Alcune parole di più sui mussulmani non istruiti, e sulle conseguenze fatali della loro ignoranza. Totalmente privati di qualsiasi mezzo di comunicazione con il mondo esterno, sia dai libri che dalla conversazione, i sudditi asiatici del Crescente non sanno nulla di ciò che accade a poche miglia dalla propria casa, e sono irrimediabilmente ignoranti dell’esistenza della scienza, dell’arte e dell’industria. Non hanno idea della loro inferiorità rispetto ad altre nazioni e più volte mi hanno chiesto se nel mio paese sapevamo come piantare il grano e fare il fieno. Quando ho cercato di mostrare loro qualche modo più semplice ed efficace per eseguire i faticosi compiti, si sono meravigliati del mio intervento e hanno sorriso piuttosto benignamente, come a dire: “sei una persona ben intenzionata, ma non hai bisogno di preoccuparti, sappiamo fare molto meglio noi”.

Le nazioni progrediscono nella civiltà come se fossero membri di un unico individuo, aiutandosi a vicenda con i loro punti di forza e i loro doni, in modo che i passi tracciati da uno non debbano essere ripetuti dall’altro. Ma l’Impero Ottomano non ha alcuna parte in quel progetto di partnership provvidenziale; ciò che è stato scoperto, provato e perfezionato nel resto del mondo gli è sconosciuto, e per mantenere il suo posto sullo stesso piano dei suoi vicini civilizzati, sperava di possedere in sé l’intera massa di talento, attività, saggezza e perseveranza distribuita tra gli altri abitanti del mondo. Che ciò non sia il caso non ha bisogno di dimostrazione. Ma le conseguenze di una tale ignoranza totale non si limitano alla più assoluta incapacità di procedere sulla via della civiltà, ha un effetto morboso e dannoso sulle facoltà morali degli Osmanlii. Estraneo all’arte e all’industria, insensibile persino alla curiosità, poiché ignora che ci sono cose degne di essere conosciute, la sua vita è solo il sogno lucido di un’intelligenza a metà viva. Una minoranza è formata da molti successivi deserti, animati solo (se può essere chiamato animato) qua e là da abitazioni sparse contenenti soldati che la vigilanza del governo destina alla sicurezza dei viaggiatori o da alcune capanne ancora più misere in cui risiedono intere famiglie. In ogni capanna una sporca stalla è accompagnata dalle donne; un’altra ancora più sporca dall’uomo. Ma parlerò più avanti della miseria di queste abitazioni turche; e, inoltre, cosa significa la mancanza di ogni conforto materiale di fronte alla desolazione derivante dall’oscurità intellettuale?

Queste, naturalmente, sono famiglie di campagna, e vivono dei frutti del suolo, ma tali frutti sono scarsi, sebbene facilmente ottenibili.
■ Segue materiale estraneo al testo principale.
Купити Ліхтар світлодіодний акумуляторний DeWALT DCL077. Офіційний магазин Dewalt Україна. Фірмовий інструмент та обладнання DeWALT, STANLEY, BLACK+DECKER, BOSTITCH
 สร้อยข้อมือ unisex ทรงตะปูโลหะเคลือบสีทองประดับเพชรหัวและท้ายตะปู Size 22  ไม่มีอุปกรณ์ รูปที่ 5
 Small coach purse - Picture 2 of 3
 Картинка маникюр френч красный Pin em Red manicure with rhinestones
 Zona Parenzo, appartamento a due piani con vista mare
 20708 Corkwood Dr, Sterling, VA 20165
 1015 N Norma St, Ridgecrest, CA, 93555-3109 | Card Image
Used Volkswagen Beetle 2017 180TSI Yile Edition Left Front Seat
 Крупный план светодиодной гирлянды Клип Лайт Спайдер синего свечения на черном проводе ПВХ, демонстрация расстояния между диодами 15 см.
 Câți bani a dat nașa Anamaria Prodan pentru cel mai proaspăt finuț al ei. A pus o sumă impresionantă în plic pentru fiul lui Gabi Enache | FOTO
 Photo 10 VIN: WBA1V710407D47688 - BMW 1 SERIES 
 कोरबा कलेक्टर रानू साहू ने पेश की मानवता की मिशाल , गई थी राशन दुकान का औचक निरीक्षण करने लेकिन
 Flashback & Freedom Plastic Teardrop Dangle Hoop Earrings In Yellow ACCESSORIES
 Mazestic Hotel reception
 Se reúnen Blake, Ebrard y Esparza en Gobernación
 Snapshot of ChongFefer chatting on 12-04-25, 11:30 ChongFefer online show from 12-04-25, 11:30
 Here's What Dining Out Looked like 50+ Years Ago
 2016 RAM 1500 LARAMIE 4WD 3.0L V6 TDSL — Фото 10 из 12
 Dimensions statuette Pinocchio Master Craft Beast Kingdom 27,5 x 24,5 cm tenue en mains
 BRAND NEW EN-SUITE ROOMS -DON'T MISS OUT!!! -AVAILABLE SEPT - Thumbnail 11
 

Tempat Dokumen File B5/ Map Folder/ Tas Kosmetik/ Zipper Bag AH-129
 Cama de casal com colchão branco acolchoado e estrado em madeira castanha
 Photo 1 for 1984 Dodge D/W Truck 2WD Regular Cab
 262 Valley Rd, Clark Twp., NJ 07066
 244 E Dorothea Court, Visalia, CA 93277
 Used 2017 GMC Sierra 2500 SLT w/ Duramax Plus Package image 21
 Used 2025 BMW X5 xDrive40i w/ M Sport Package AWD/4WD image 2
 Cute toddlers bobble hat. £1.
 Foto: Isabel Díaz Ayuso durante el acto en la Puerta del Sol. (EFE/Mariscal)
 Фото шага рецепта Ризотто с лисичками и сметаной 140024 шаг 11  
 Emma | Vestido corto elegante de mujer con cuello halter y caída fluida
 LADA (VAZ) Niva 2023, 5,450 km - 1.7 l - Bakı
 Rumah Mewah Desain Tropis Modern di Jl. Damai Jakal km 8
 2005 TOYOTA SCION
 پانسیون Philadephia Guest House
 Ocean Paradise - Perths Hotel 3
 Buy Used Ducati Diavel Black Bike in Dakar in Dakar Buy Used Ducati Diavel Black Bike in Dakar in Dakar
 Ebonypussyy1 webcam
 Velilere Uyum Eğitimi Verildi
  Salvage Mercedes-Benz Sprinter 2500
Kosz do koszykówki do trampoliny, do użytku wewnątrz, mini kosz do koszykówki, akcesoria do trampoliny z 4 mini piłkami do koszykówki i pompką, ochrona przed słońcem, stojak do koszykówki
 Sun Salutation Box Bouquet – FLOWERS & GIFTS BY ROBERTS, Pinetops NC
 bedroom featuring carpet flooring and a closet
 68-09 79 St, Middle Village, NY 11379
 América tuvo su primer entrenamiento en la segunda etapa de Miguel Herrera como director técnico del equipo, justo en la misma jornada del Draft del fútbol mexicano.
Alcuni allevano crudelmente i loro cavalli e mucche. Altri si accontentano di zuppa, insalata e meloni per se stessi; due o tre ore di lavoro al giorno per quattro o cinque settimane all’anno sono sufficienti per estrarre tutto ciò di cui hanno bisogno da uno dei suoli più ricchi del mondo. I soldati, dispersi per le valli e le montagne, sono ancora più inoccupati.

Quando la colonna passa, o alcuni viaggiatori solitari, uno, due o tre dei Zaptiye[1] si alzano dai loro giacigli, accendono le micce dei loro fucili, e chiedono ai viaggiatori attraverso quella parte di strada che si dice pericolosa. Ottengono qualche piastre e, tornando alla caserma, riprendono il triste corso delle loro vite. Qualcosa di pesante e desolato mi opprime il cuore quando contemplo questi uomini dalla costituzione robusta e dal colorito scuro, immagine stessa della forza fisica e della fermezza morale, seduti per terra con le gambe piegate sotto di loro, gli occhi stupidamente fissi nel vuoto, le pipe in bocca, senza dire una parola o compiere un movimento, ugualmente privi di pensieri o sentimenti, e quando penso che dalla loro infanzia alla loro vecchiaia non c’è stato e non ci sarà un giorno migliore di un altro.

Viaggiatori, storici e filosofi hanno cercato di spiegare il strano torpore della mente orientale nell’influenza narcotica del tabacco e dell’oppio, ma sono piuttosto incline a considerare gli effetti di queste due piante come un mitigazione della noia totale che una vita del genere deve necessariamente ispirare anche al più dotato degli esseri umani.

La vera, l’unica ragione per l’azione totale del popolo orientale è la mancanza di eccitazione; quindi l’uso del tabacco, dell’oppio e forse del caffè, privandoli della consapevolezza del tempo che passa lentamente e della monotonia invariabile della loro esistenza, li preserva dalla disperazione alla quale, ma per questo, sarebbero vittime.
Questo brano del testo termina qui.